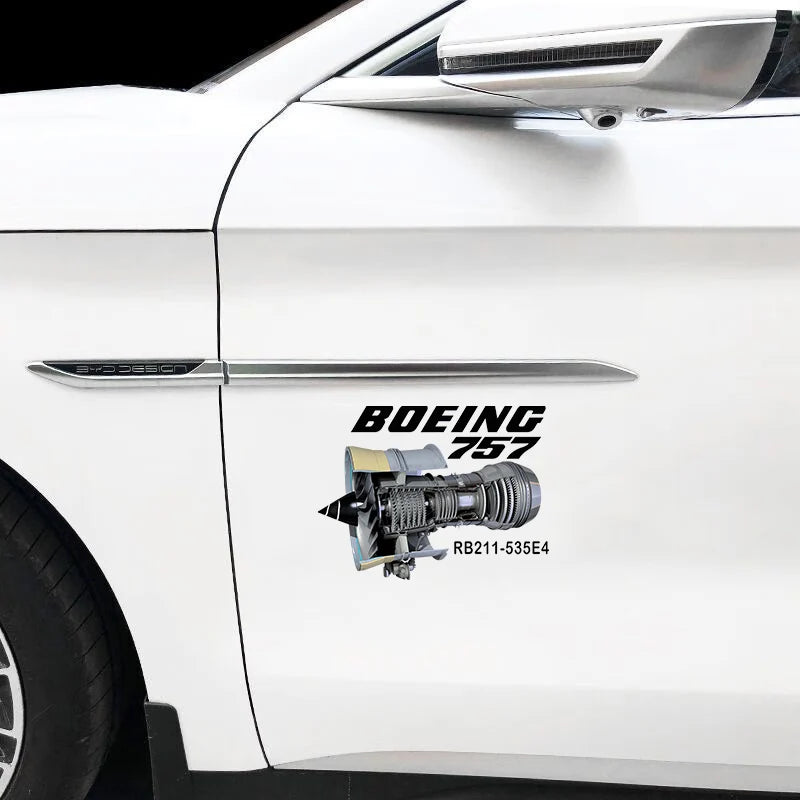 Boeing 757 Car Sticker - view 4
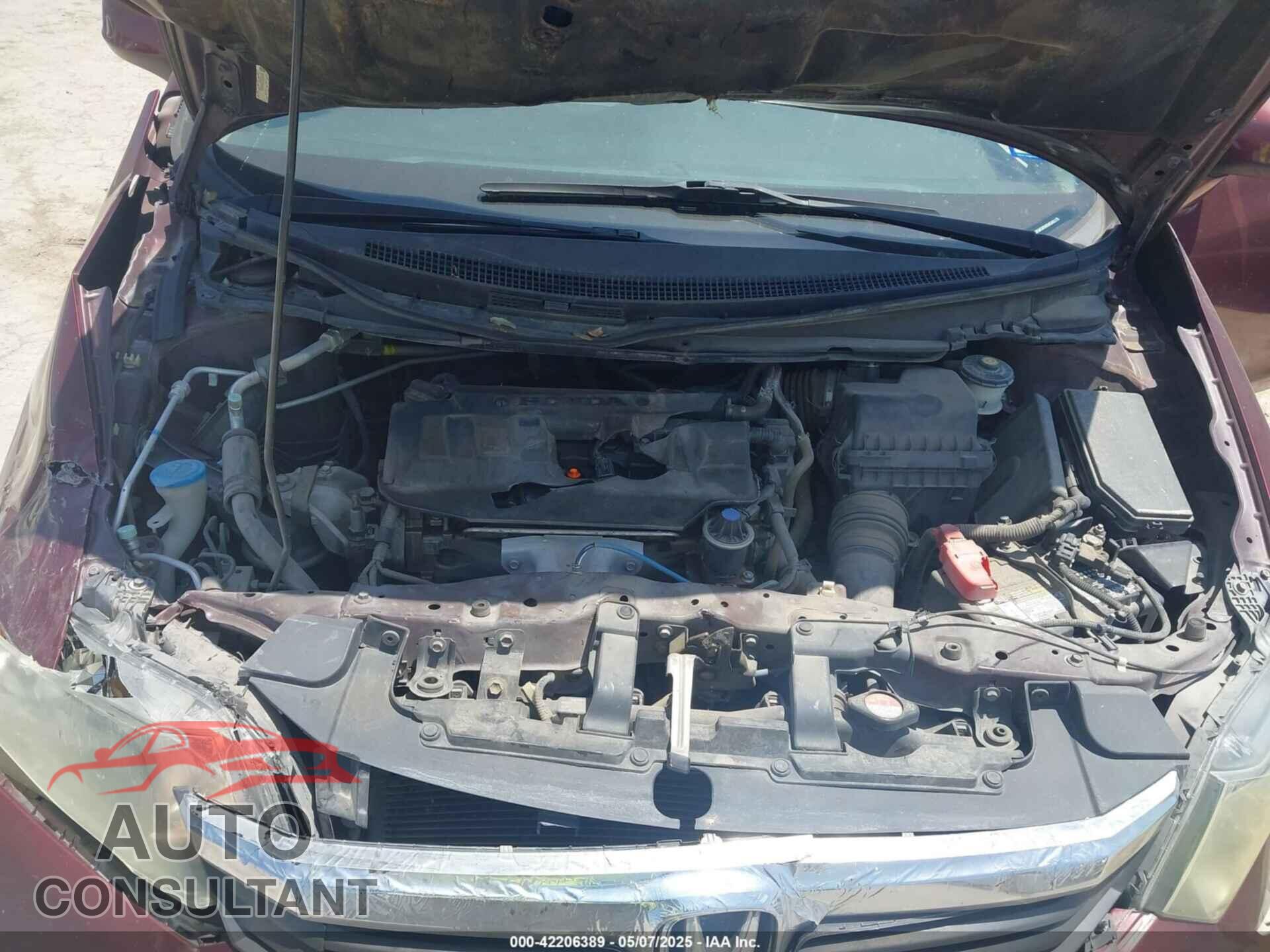HONDA CIVIC 2012 - 2HGFB2F82CH546524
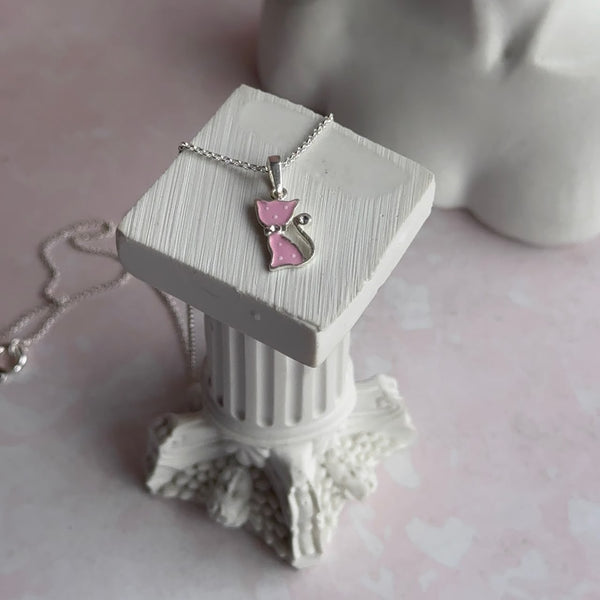 Collar Gatita Rosa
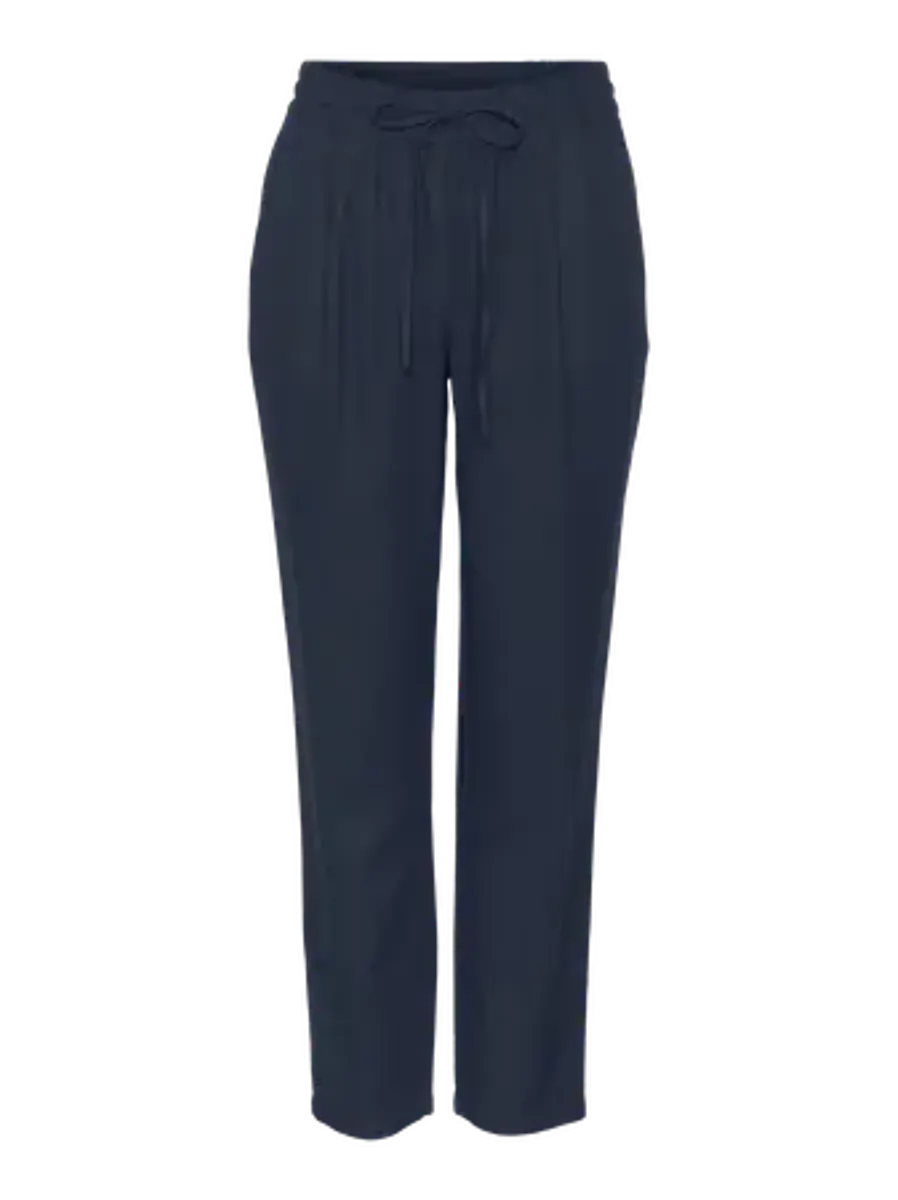 JESMILO LIN/VISCOSE BUKSE - NAVY
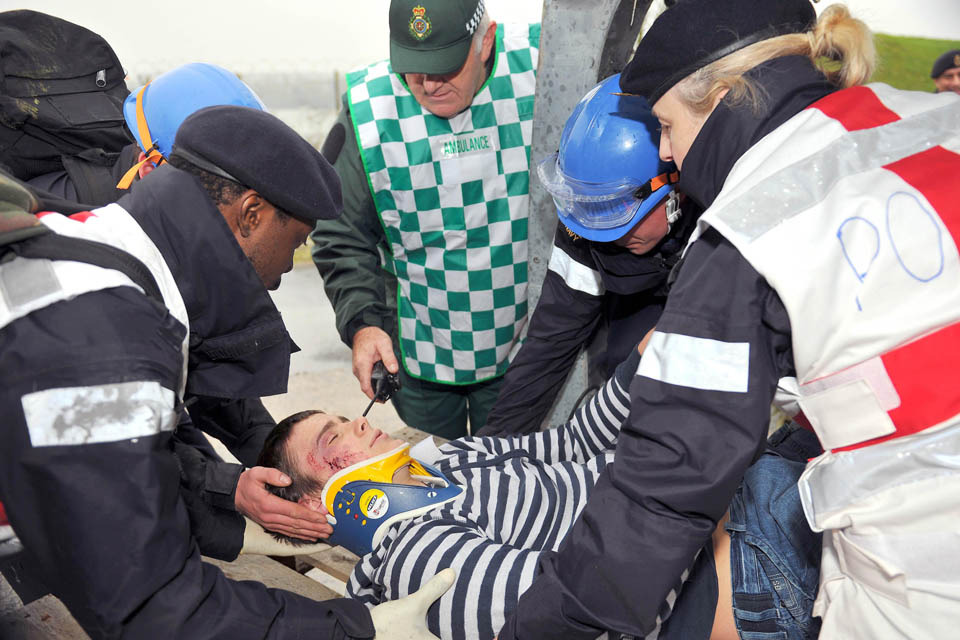 HMS Dragon prepares for civil emergency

**Required work:**
Write out the line that contains "HONDA CIVIC 2012 - 2HGFB2F82CH546524" and every line after it to the end of the data, exactly as they stand. Omit the pictures.

**Solution to the problem:**
HONDA CIVIC 2012 - 2HGFB2F82CH546524
 Collar Gatita Rosa
 JESMILO LIN/VISCOSE BUKSE - NAVY
 HMS Dragon prepares for civil emergency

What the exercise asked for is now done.